La respuesta humana es la más eficaz. En estas experiencias, la policía es invitada a ir vestida de civil y a conocer e interactuar como iguales. ¿Qué pasaría en un encuentro entre policías y comunidades, donde manifiesten en conjunto la indignación y el dolor y piensen en cómo colaborar o por lo menos acompañarse?

Las comunidades educativas y religiosas y las organizaciones de la sociedad civil son indispensables para proponer opciones a una juventud desolada, que es mano de obra para el crimen organizado desde edades muy tempranas.

Sí, en las comunidades tenemos miedo, porque solo queremos a los buenos muchachos. ¿Qué pasa si un estudiante acude a la escuela con un arma? ¿Y si el centro educativo es sitio de operaciones del narco? Lo que se nos olvida es que estos muchachos y muchachas seguirán siendo parte de nosotros, sea que les expulsemos del colegio o los encarcelemos hasta por quince años (Costa Rica es uno de los países con penas de cárcel más largas para menores de edad en toda la región).

Luego alcanzarán la adultez y en sus veintes o treintas regresarán aún más lastimados a la sociedad. La gente lastimada lastima gente. La privación de la libertad necesita ser pensada humana y estratégicamente.

El crimen organizado es un problema complejo que se mueve en las esferas más altas del poder.

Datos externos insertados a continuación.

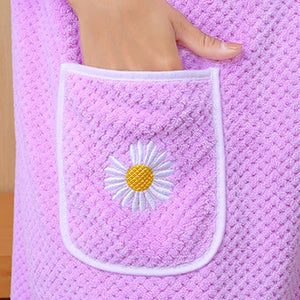 Serviette de bain portable à séchage rapide absorbant l'eau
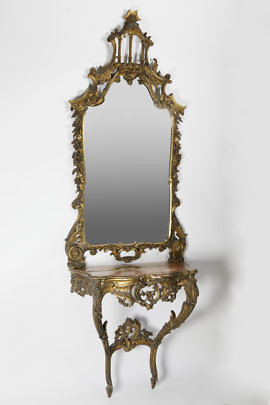 41-4900 Louis XV Mirror and Console AA_MG_6872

Las respuestas, por tanto, tienen que ser igualmente sofisticadas y valientes, deben devolvernos a lo que nos hace humanos, no a lo que nos deshumaniza. Todo lo demás nos hará caer en una espiral de dolor en la que los cuerpos más vulnerables son los que llevarán el mayor peso de la destrucción.

Nos hundimos en la emergencia y es urgente neutralizar el daño. Negar el problema o tomar medidas cosméticas únicamente incrementará el miedo y la indignación, y pecará de negligencia frente a una vida tras otra que, en tropel, es destruida, arrastrando con ella trauma a todo su círculo familiar y comunitario.

Para hacer algo bien, hay que tomar una pausa y reagruparnos. Sí, lo sé, ¿quién tiene tiempo para una pausa? Pero sin pausa, solo vamos a reaccionar en lugar de responder.

claire.demezerville@gmail.com

La autora es consultora y profesora en la Universidad de Costa Rica (UCR).